Your task:
Nothing in the records may change. Print them all again.

Brief descriptive captions
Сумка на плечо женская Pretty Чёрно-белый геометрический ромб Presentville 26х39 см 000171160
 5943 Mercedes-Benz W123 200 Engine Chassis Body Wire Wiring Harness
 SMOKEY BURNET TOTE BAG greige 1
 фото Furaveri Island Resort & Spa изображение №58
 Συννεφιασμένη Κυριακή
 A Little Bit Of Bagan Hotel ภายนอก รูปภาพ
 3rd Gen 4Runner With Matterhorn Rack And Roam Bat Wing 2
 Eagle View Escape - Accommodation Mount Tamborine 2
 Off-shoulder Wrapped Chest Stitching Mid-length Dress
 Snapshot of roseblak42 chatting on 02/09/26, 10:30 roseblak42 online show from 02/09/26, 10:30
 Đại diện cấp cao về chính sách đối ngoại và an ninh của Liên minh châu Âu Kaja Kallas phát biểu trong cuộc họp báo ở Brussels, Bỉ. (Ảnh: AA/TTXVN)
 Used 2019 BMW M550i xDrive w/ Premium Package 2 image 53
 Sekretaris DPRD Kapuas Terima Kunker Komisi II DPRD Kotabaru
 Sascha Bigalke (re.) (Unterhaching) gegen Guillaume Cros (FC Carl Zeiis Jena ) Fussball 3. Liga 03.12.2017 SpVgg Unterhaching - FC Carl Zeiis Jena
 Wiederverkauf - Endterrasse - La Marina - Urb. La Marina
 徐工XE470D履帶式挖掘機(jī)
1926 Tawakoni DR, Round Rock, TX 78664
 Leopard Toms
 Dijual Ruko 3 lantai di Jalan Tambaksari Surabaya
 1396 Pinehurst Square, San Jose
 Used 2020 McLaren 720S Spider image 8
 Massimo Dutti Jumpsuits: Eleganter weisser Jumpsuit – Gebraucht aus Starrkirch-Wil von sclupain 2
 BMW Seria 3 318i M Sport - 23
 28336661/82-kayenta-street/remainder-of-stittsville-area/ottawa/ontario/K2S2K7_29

Completed exercise:
Сумка на плечо женская Pretty Чёрно-белый геометрический ромб Presentville 26х39 см 000171160
 5943 Mercedes-Benz W123 200 Engine Chassis Body Wire Wiring Harness
 SMOKEY BURNET TOTE BAG greige 1
 фото Furaveri Island Resort & Spa изображение №58
 Συννεφιασμένη Κυριακή
 A Little Bit Of Bagan Hotel ภายนอก รูปภาพ
 3rd Gen 4Runner With Matterhorn Rack And Roam Bat Wing 2
 Eagle View Escape - Accommodation Mount Tamborine 2
 Off-shoulder Wrapped Chest Stitching Mid-length Dress
 Snapshot of roseblak42 chatting on 02/09/26, 10:30 roseblak42 online show from 02/09/26, 10:30
 Đại diện cấp cao về chính sách đối ngoại và an ninh của Liên minh châu Âu Kaja Kallas phát biểu trong cuộc họp báo ở Brussels, Bỉ. (Ảnh: AA/TTXVN)
 Used 2019 BMW M550i xDrive w/ Premium Package 2 image 53
 Sekretaris DPRD Kapuas Terima Kunker Komisi II DPRD Kotabaru
 Sascha Bigalke (re.) (Unterhaching) gegen Guillaume Cros (FC Carl Zeiis Jena ) Fussball 3. Liga 03.12.2017 SpVgg Unterhaching - FC Carl Zeiis Jena
 Wiederverkauf - Endterrasse - La Marina - Urb. La Marina
 徐工XE470D履帶式挖掘機(jī)
1926 Tawakoni DR, Round Rock, TX 78664
 Leopard Toms
 Dijual Ruko 3 lantai di Jalan Tambaksari Surabaya
 1396 Pinehurst Square, San Jose
 Used 2020 McLaren 720S Spider image 8
 Massimo Dutti Jumpsuits: Eleganter weisser Jumpsuit – Gebraucht aus Starrkirch-Wil von sclupain 2
 BMW Seria 3 318i M Sport - 23
 28336661/82-kayenta-street/remainder-of-stittsville-area/ottawa/ontario/K2S2K7_29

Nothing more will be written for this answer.